Cuando la puerta se cerró tras ellos, el silencio en la casa se sintió diferente al silencio que había reinado allí durante el último año. Ya no era un silencio vacío. Simplemente, reinaba la quietud.
Noah estaba sentado a la mesa con ambas manos apoyadas en la madera. Yo estaba sentado frente a él, igual que tantas mañanas últimamente, los dos atrapados en lados opuestos de un silencio que ninguno de los dos sabía cómo romper.
—Lo siento —dije—. Lo dejé entrar en esta casa todas las semanas. Lloré con él en el porche. Pensé que tus silencios se debían a la culpa.
“No lo sabías.”
—Lo hiciste. Y la mantuviste a salvo, y te hice cargar con eso solo. Noah. —Extendí la mano por encima de la mesa y cubrí sus manos con las mías—. ¿Dónde está?
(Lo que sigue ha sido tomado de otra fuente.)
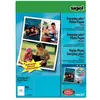 Image de Sigel Le jet d'encre au quotidien (170 g/m², A4, 50 pcs), Papier photo, Blanc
Él levantó la vista hacia mí.
“Entrenamiento de béisbol”, dijo. “Después de correr, Lily fue a casa de la tía Diane. He estado yendo a verla todos los sábados. El entrenador no existe”.
“¿Diane, la hermana de tu padre? ¿Me ocultó esto?”
Noah se encogió de hombros. —La tía Diane quería contártelo, pero dijo que era decisión de Lily. Luego, cuando se enteraron de que Caleb seguía viniendo, de que os habíais encariñado…
No terminó la frase. No tenía por qué hacerlo.
—Está bien, mamá —continuó Caleb—. De verdad que está bien. Quería volver a casa, pero tenía miedo. Ha estado esperando.
Ya estaba de pie, ya estaba buscando mis llaves.
Condujimos durante tres horas, la mayor parte del tiempo en silencio.